As an artist, Qi Zhuo’s approach is based on the notion of culture shock. The encounter between Chinese culture and Western culture is a foundational element in his work, both linguistically and historically, and with relation to the traditions and techniques of ceramics, which he learned at ENSA Limoges. Originally from the city of Fuxin in China, the artist returns regularly to Jingdezhen, the city considered to be the world capital of porcelain. In the mountains of waste generated by this industry, he finds some of his raw materials – materials charged with history, which he aims to restore as an iconoclastic ceramicist working directly on ceramic pieces using various processes which we might believe to be experimental, but which he has, in fact, mastered perfectly.
The result is a unique technique marrying Chinese and French traditions, in which porcelain is both the material and the subject. Qi uses this material in a radical and performative way, disrupting traditional ceramic forms in order to create surprising sculptures that break away completely from the objects’ habitual use.
His new series of sculptures, Bubble-Game, which will be on display in the gallery, fits perfectly within the trajectory of his oeuvre, but the raw material has evolved: it is no longer ceramic pieces that the artist abuses in this work, but rather excellent reproductions of ancient Chinese sculptures that he has meticulously collected over the course of his visits to China.
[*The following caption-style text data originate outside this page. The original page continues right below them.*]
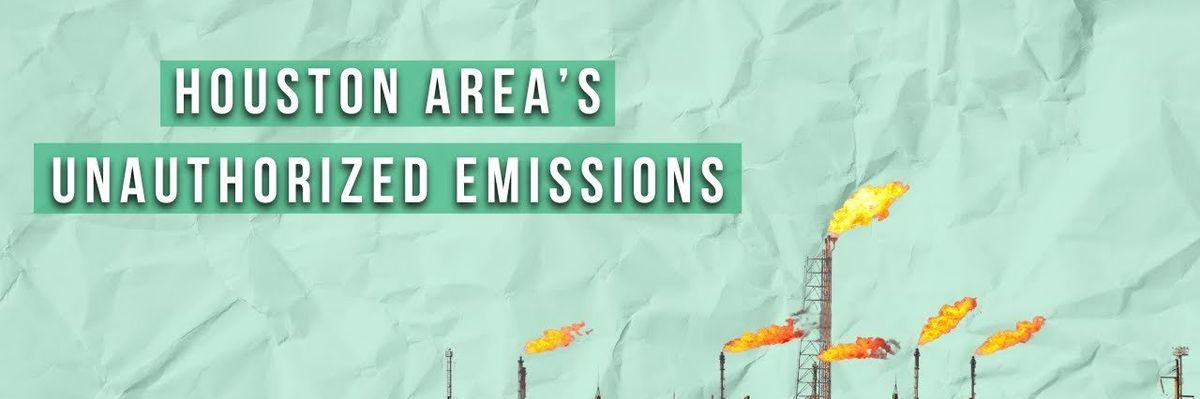 Houston area has more than 100 unauthorized air pollution events already this year
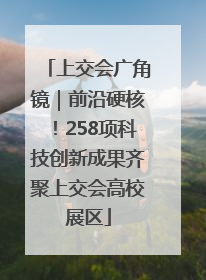 上交会广角镜｜前沿硬核！258项科技创新成果齐聚上交会高校展区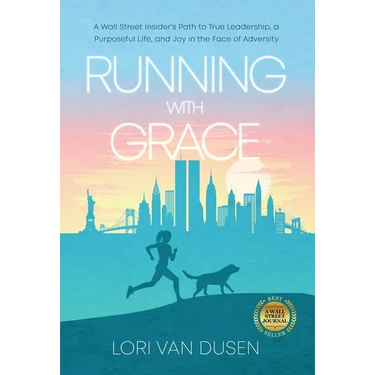 Running with Grace: A Wall Street Insider's Path to True Leadership, a Purposeful Life, and Joy in the Face of Adversity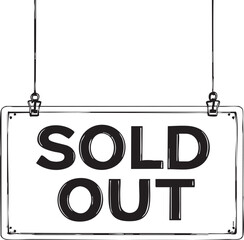 A vintage style sketch illustration of a hanging sign with the phrase 'SOLD OUT'.

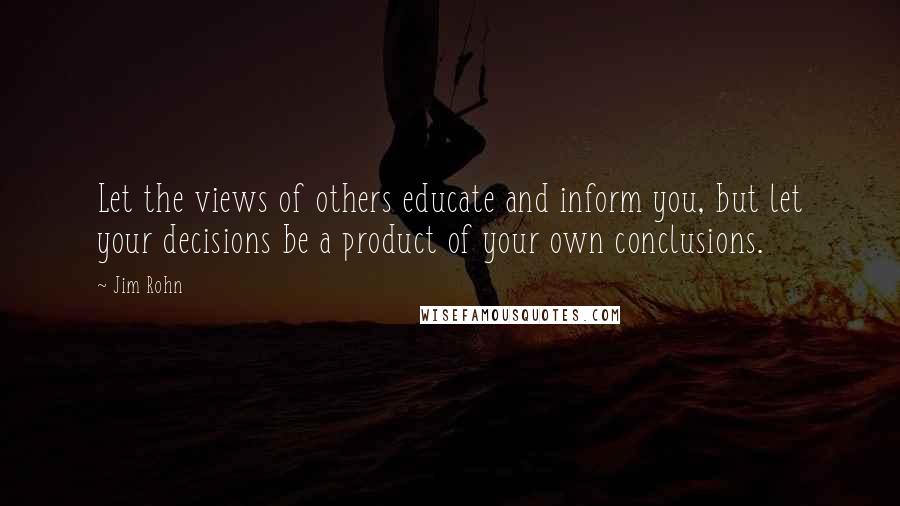 Jim Rohn Quotes: Let the views of others educate and inform you, but let your decisions be a product of your own conclusions.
Often deteriorated with time, these sculptures are broken, fractured and missing members. Qi Zhuo has taken it upon himself to give them life again – to restore them in his own way. He uses blown glass to fill in the void, the part that has been lost, thereby creating a new piece from an existing work of art. A new cycle of life is created, recalling the Buddhist cycles of reincarnation. The alchemy that takes place between the form of the original stone sculpture, which sometimes dates back thousands of years, and the contemporary and delicate aspect of the colored glass that it bears leads us towards the strange and the incongruous, notions dear to the artist, for whom humor and transgression are natural forms of communication. The contemplator is struck by the paradox that surrounds each work in the series: the aesthetic and the power of these thousand-year-old Buddhist sculptures is augmented by that of the fragile, colorful glass cushions, and the result is strangely beautiful.